The condo building next to it was just built in the last few years, as the Google street view shows it still under construction. So this ad was probably covered for about 70-80 years by another building, which is why it's so vibrant. As it's on the south side of the building, hopefully the elements won't ruin it too fast.
While I'm not sure what product is being advertised--maybe Marlboro Cigarettes by Philip Morris?--the painter was the Thomas Cusack Company of Chicago, founded by Thos. Cusack in the 1870s. (Update: The product is actually Marigold Margarine. Thanks to Joel B. for the correction.)
Information on Ghost Ads and Ghost Signs from Wikipedia:
Ghost sign is a term for old hand-painted advertising signage that has been preserved on a building for an extended period of time, whether by actively keeping it or choosing not to destroy it.
Preservation
They are found across the world with America, the United Kingdom, France and Canada having many surviving examples. Ghost signs are also called fading ads and brickads. In many cases these are advertisements painted on brick that remained over time.
Many ghost signs still visible are from the 1890s to 1960s. Such signs were most commonly used in the decades before the Great Depression.
As signage advertising formats changed, less durable signs appeared in the later 20th century, and ghost signs from that era are less common.

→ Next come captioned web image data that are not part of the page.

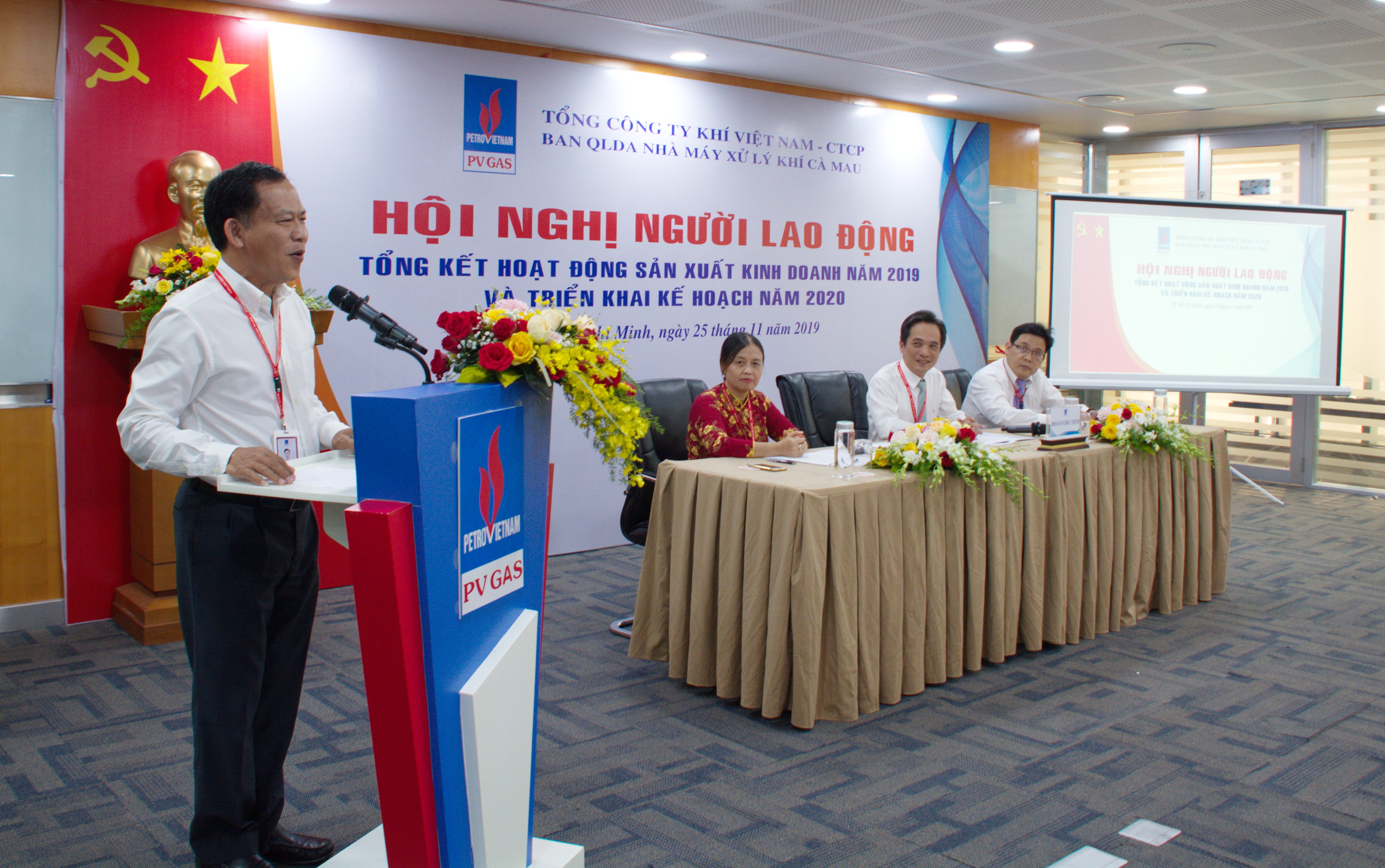 Ban QLDA Nhà máy xử lý Khí Cà Mau thực hành tiết kiệm 729 triệu đồng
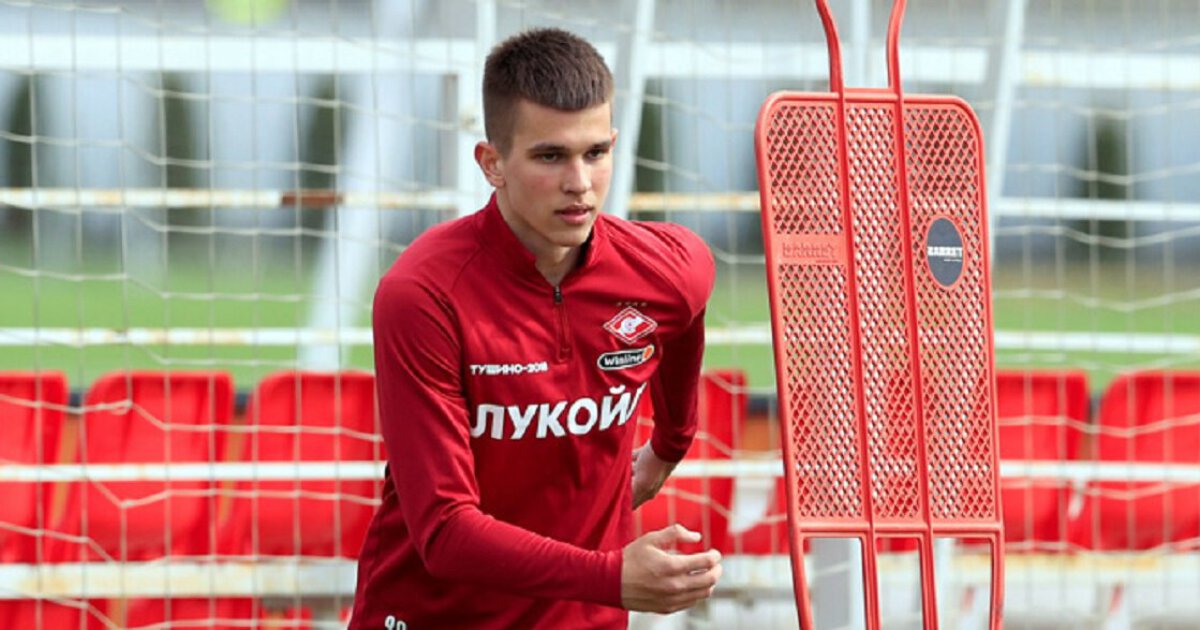 Полузащитник «Спартака» Шильцов отправится во вторую аренду за сезон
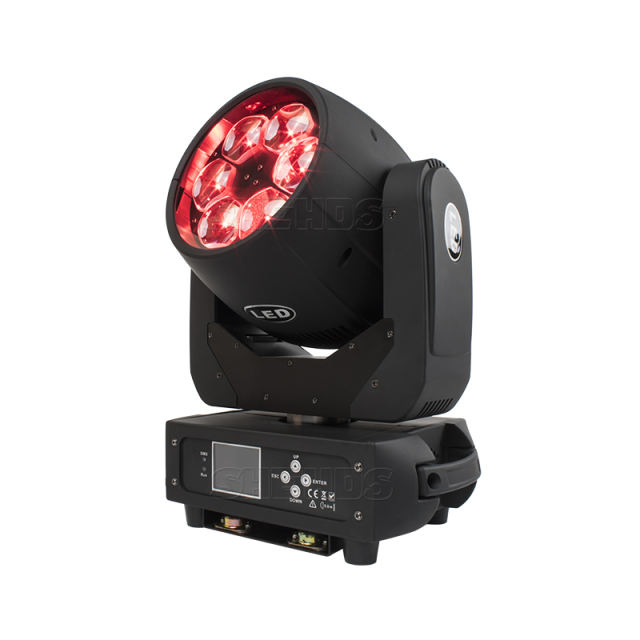 Led Beam Zoom Wash 6x40W RGBW 4in1 Bee Eye Moving Head Light Upgrade From Beam 230W for Church Theater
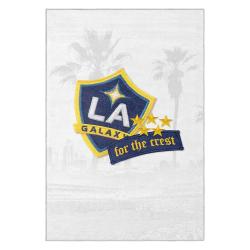 mls los angeles galaxy soccer team logo sport carpet area rug home decor gift lagfc54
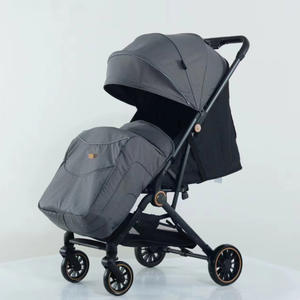 Poussette classique Lemoon Lemoon-X5, design pliable, roues en mousse EVA, harnais de sécurité à 5 points, ramassage en voiture en un clic pour <span class=keywords><strong>6</strong></span> - Product Image 5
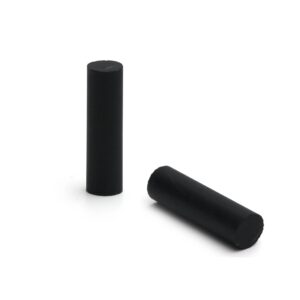 Black Spinel Matte Finish Cylinder Gemstone, 8.5x31 MM , Matte Finish Gemstone , AA Quality , Price Per Pair Gemstone Black Spinel Matte Finish Cylinder Gemstone, 8.5x31 MM , Matte Finish Gemstone , AA Quality , Price Per Pair Gemstone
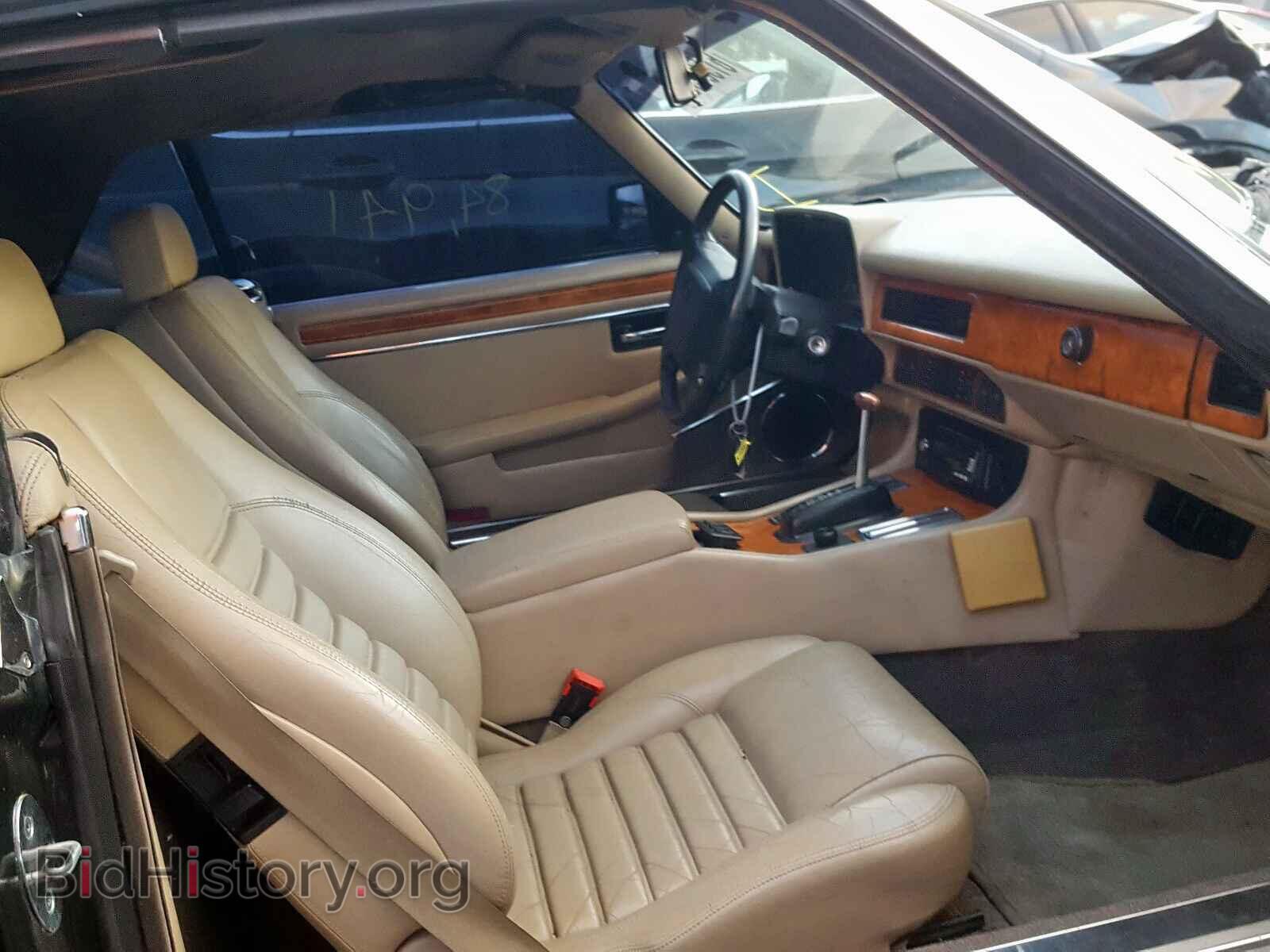 1992 JAGUAR XJS - VIN: SAJNW4849NC184073 - Фото 5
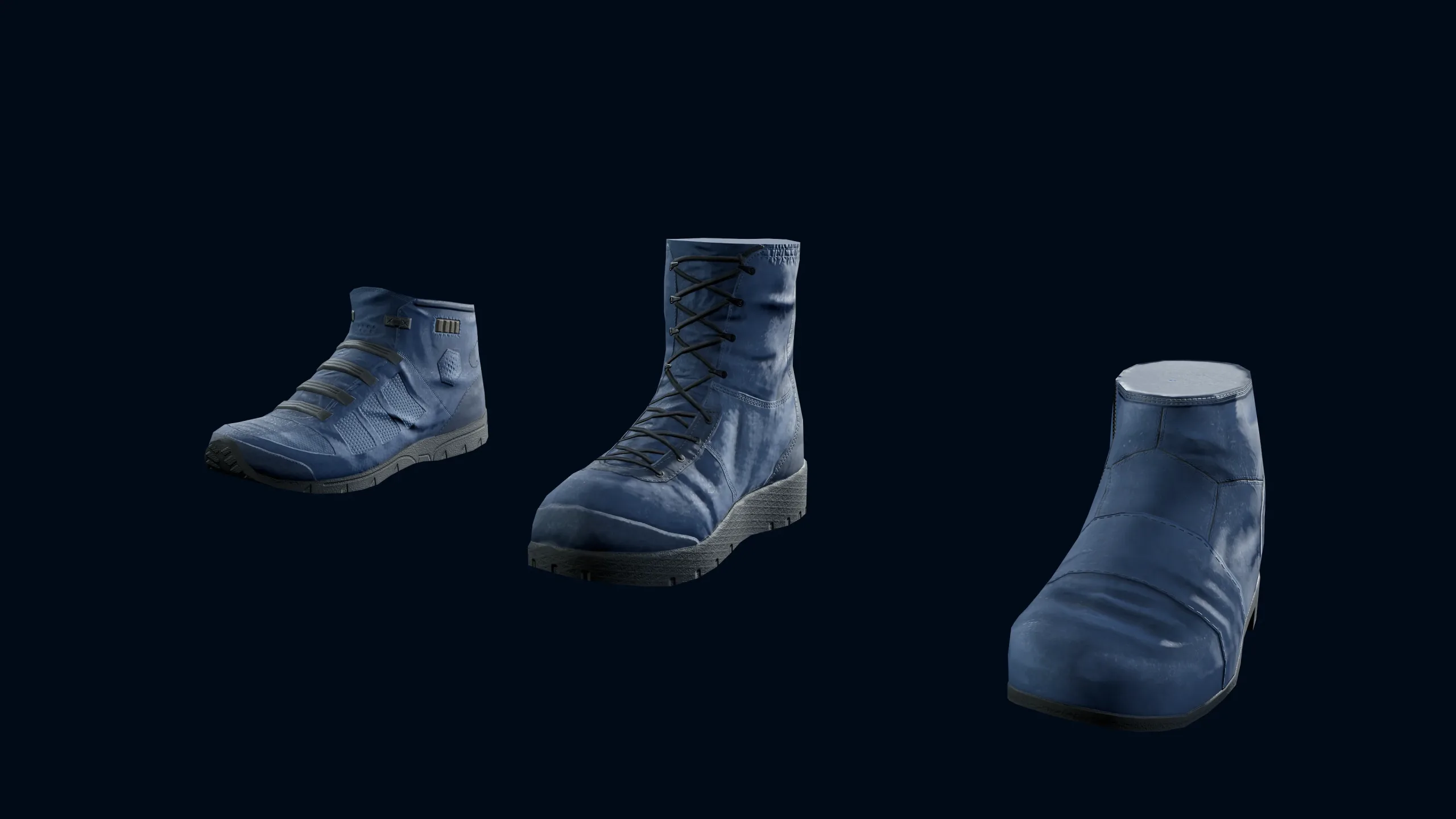 Sci-Fi Boots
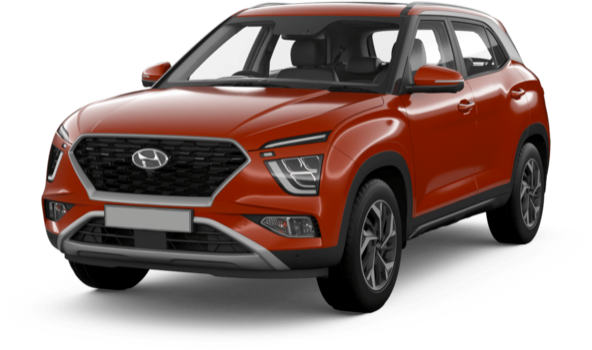 Баннер hyundai Creta New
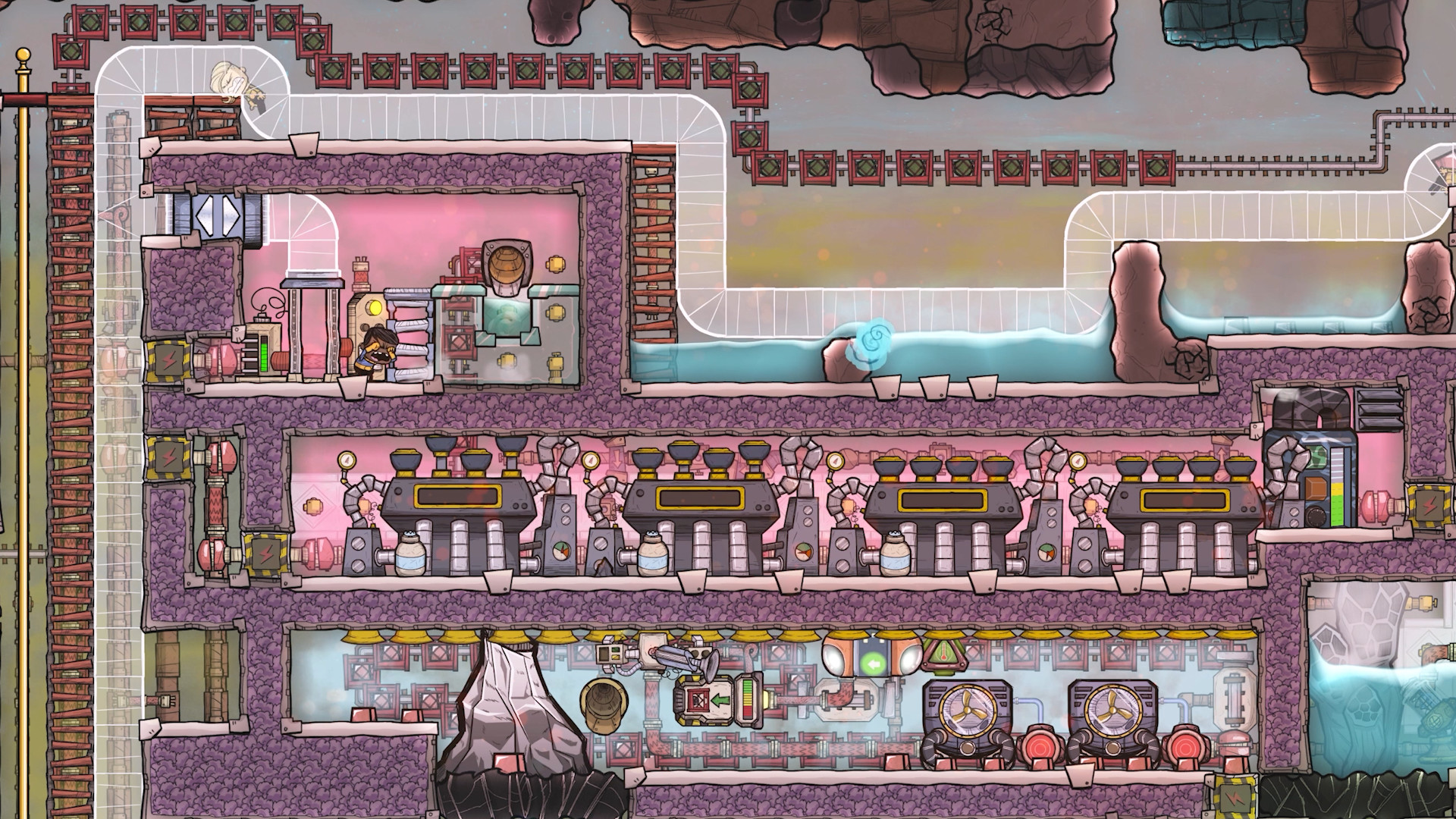 Oxygen Not Included - Spaced Out! — скриншот 8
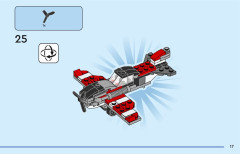 LEGO 31146 instructions page 17 – build guide
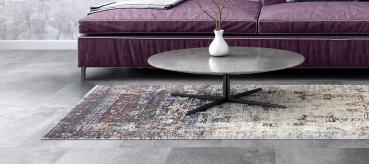 Adopt the concrete look with luxury vinyl flooring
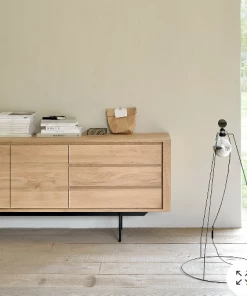 Ethnicraft Oak Shadow Sideboard II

In a New York Times article on ghost signs, Kathleen Hulser of the New York Historical Society, said, "[The signs] evoke the exuberant period of American capitalism. Consumer cultures were really getting going and there weren't many rules yet, no landmarks preservation commission or organized community saying: 'Isn't this awful? There's a picture of a man chewing tobacco on the corner of my street.'"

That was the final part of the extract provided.